• [Task objective]:
The full listing, reproduced exactly, is what the response must contain.

§ §

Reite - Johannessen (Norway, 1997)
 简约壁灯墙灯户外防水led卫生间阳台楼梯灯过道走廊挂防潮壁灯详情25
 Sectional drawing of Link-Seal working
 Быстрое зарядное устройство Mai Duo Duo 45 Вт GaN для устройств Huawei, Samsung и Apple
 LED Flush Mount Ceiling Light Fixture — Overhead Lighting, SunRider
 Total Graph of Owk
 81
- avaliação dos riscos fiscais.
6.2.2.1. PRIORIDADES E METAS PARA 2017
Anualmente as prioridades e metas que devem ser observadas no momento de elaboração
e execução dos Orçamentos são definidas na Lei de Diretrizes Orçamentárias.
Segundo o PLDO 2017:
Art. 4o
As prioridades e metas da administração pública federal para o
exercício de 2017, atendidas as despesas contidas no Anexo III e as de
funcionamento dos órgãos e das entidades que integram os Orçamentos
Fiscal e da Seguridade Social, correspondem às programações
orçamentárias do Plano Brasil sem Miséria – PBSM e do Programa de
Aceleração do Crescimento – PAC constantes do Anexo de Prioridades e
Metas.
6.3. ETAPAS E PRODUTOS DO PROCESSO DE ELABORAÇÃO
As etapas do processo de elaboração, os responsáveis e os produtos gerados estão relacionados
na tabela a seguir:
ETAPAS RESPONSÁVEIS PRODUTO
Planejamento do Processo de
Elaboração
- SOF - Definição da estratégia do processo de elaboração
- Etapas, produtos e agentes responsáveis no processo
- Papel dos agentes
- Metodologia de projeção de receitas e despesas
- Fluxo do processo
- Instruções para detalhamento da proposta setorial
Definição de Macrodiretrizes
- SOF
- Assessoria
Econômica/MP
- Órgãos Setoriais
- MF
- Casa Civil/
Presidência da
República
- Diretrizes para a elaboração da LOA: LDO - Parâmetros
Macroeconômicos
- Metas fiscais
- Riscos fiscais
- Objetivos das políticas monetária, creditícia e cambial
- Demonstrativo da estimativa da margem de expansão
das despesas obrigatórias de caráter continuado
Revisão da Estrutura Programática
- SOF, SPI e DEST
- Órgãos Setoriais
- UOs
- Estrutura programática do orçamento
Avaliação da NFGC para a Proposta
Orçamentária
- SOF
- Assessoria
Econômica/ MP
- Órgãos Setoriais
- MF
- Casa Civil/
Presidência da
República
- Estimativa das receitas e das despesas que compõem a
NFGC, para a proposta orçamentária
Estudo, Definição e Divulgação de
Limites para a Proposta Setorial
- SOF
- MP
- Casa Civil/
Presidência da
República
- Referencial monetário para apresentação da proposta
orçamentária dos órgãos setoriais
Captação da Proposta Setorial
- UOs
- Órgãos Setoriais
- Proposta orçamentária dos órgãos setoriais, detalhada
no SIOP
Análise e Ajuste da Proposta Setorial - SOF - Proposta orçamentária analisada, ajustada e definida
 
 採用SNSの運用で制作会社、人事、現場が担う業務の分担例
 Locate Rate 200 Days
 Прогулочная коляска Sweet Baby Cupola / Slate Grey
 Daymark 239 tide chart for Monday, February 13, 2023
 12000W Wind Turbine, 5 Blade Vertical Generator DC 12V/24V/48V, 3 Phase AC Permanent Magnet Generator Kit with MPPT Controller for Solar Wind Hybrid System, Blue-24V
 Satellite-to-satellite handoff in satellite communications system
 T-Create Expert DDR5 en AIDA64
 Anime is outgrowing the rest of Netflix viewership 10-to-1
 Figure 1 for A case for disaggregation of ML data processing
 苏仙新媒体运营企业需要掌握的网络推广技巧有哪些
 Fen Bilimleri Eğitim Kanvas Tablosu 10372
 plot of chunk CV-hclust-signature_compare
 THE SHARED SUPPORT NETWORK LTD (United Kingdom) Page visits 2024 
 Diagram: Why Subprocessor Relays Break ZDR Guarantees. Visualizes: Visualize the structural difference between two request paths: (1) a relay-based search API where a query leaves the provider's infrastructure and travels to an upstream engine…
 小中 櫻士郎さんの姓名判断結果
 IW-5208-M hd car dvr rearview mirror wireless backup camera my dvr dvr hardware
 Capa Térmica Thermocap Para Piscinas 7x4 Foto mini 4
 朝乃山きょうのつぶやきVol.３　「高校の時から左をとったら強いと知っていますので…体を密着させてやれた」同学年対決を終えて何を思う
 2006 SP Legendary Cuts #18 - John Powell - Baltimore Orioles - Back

§ §

• [Reply to the exercise]:
Reite - Johannessen (Norway, 1997)
 简约壁灯墙灯户外防水led卫生间阳台楼梯灯过道走廊挂防潮壁灯详情25
 Sectional drawing of Link-Seal working
 Быстрое зарядное устройство Mai Duo Duo 45 Вт GaN для устройств Huawei, Samsung и Apple
 LED Flush Mount Ceiling Light Fixture — Overhead Lighting, SunRider
 Total Graph of Owk
 81
- avaliação dos riscos fiscais.
6.2.2.1. PRIORIDADES E METAS PARA 2017
Anualmente as prioridades e metas que devem ser observadas no momento de elaboração
e execução dos Orçamentos são definidas na Lei de Diretrizes Orçamentárias.
Segundo o PLDO 2017:
Art. 4o
As prioridades e metas da administração pública federal para o
exercício de 2017, atendidas as despesas contidas no Anexo III e as de
funcionamento dos órgãos e das entidades que integram os Orçamentos
Fiscal e da Seguridade Social, correspondem às programações
orçamentárias do Plano Brasil sem Miséria – PBSM e do Programa de
Aceleração do Crescimento – PAC constantes do Anexo de Prioridades e
Metas.
6.3. ETAPAS E PRODUTOS DO PROCESSO DE ELABORAÇÃO
As etapas do processo de elaboração, os responsáveis e os produtos gerados estão relacionados
na tabela a seguir:
ETAPAS RESPONSÁVEIS PRODUTO
Planejamento do Processo de
Elaboração
- SOF - Definição da estratégia do processo de elaboração
- Etapas, produtos e agentes responsáveis no processo
- Papel dos agentes
- Metodologia de projeção de receitas e despesas
- Fluxo do processo
- Instruções para detalhamento da proposta setorial
Definição de Macrodiretrizes
- SOF
- Assessoria
Econômica/MP
- Órgãos Setoriais
- MF
- Casa Civil/
Presidência da
República
- Diretrizes para a elaboração da LOA: LDO - Parâmetros
Macroeconômicos
- Metas fiscais
- Riscos fiscais
- Objetivos das políticas monetária, creditícia e cambial
- Demonstrativo da estimativa da margem de expansão
das despesas obrigatórias de caráter continuado
Revisão da Estrutura Programática
- SOF, SPI e DEST
- Órgãos Setoriais
- UOs
- Estrutura programática do orçamento
Avaliação da NFGC para a Proposta
Orçamentária
- SOF
- Assessoria
Econômica/ MP
- Órgãos Setoriais
- MF
- Casa Civil/
Presidência da
República
- Estimativa das receitas e das despesas que compõem a
NFGC, para a proposta orçamentária
Estudo, Definição e Divulgação de
Limites para a Proposta Setorial
- SOF
- MP
- Casa Civil/
Presidência da
República
- Referencial monetário para apresentação da proposta
orçamentária dos órgãos setoriais
Captação da Proposta Setorial
- UOs
- Órgãos Setoriais
- Proposta orçamentária dos órgãos setoriais, detalhada
no SIOP
Análise e Ajuste da Proposta Setorial - SOF - Proposta orçamentária analisada, ajustada e definida
 
 採用SNSの運用で制作会社、人事、現場が担う業務の分担例
 Locate Rate 200 Days
 Прогулочная коляска Sweet Baby Cupola / Slate Grey
 Daymark 239 tide chart for Monday, February 13, 2023
 12000W Wind Turbine, 5 Blade Vertical Generator DC 12V/24V/48V, 3 Phase AC Permanent Magnet Generator Kit with MPPT Controller for Solar Wind Hybrid System, Blue-24V
 Satellite-to-satellite handoff in satellite communications system
 T-Create Expert DDR5 en AIDA64
 Anime is outgrowing the rest of Netflix viewership 10-to-1
 Figure 1 for A case for disaggregation of ML data processing
 苏仙新媒体运营企业需要掌握的网络推广技巧有哪些
 Fen Bilimleri Eğitim Kanvas Tablosu 10372
 plot of chunk CV-hclust-signature_compare
 THE SHARED SUPPORT NETWORK LTD (United Kingdom) Page visits 2024 
 Diagram: Why Subprocessor Relays Break ZDR Guarantees. Visualizes: Visualize the structural difference between two request paths: (1) a relay-based search API where a query leaves the provider's infrastructure and travels to an upstream engine…
 小中 櫻士郎さんの姓名判断結果
 IW-5208-M hd car dvr rearview mirror wireless backup camera my dvr dvr hardware
 Capa Térmica Thermocap Para Piscinas 7x4 Foto mini 4
 朝乃山きょうのつぶやきVol.３　「高校の時から左をとったら強いと知っていますので…体を密着させてやれた」同学年対決を終えて何を思う
 2006 SP Legendary Cuts #18 - John Powell - Baltimore Orioles - Back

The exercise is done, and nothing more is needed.